6. You’re bitter and it comes through. Yes, you’re still ticked off that you were fired, laid off or forced out. And try as you might, you couldn’t resist a little subtle dig at your boss or your former company. And deep down inside it felt good to vent a little bit. But wrong time, wrong place. Not cool.
Nobody wants to hire a whiner
Nobody owes you a job.
In a competitive  job market, it is easy to get discouraged. It’s a fact that right now there are more and more people competing for fewer and fewer jobs.
Solution: Focus on the positive in your interviews. Take the high road, even if you feel you’ve been screwed over by your last employer. Keep in mind that there are still great  jobs to be found. Companies are still hiring and job seekers are landing jobs on a daily basis.

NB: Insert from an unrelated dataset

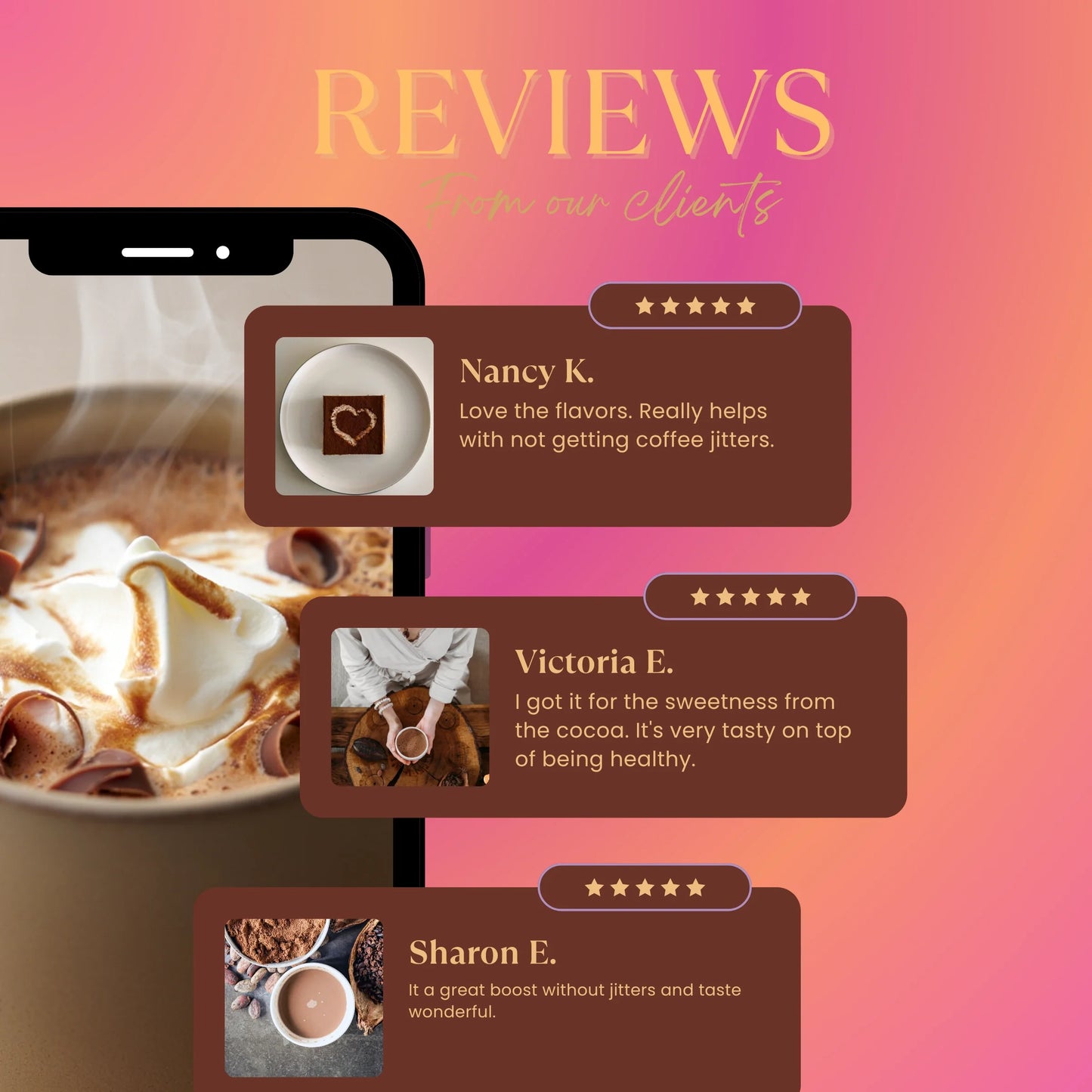 Teeccino Miraculous Mushrooms® Cacao + 5 instant coffee packet with cacao and mushroom blend in a resealable bag.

7. They’re just not that into you. They don’t like you.
You’re not what they want.
You just didn’t click with them.
The chemistry just wasn’t there.
Why? Who knows? Have you ever talked to someone and they just make you turn your head and say, “this doesn’t feel right”?
Well how do you know if someone isn’t saying that about you? Here’s the best way to tell. If you have anything to hide, have covered something up, or speak in half truths or your resume doesn’t match what you say.
If any of those things are true, people will say to themselves, “this doesn’t feel right.” The biggest lies we tell are the ones we tell ourselves (think of your small kids who will swear they didn’t take the last pizza slice, all the while covered in pizza sauce). If this is you…no job, guaranteed!
Solution: You don’t have to be perfect and convey that you have no problems. In fact the only people with no problems are, well, dead people. Just be honest and be consistent.
There you have it, seven reasons why they’re not showing you the money. I don’t have any problem telling you that you are likely going to stay unemployed, unhappy and a complete burden on society if you continue to do the things I’ve outlined above.
So consider this a wake up call…and also a terrific opportunity to truly differentiate yourself and win that offer!
Onward!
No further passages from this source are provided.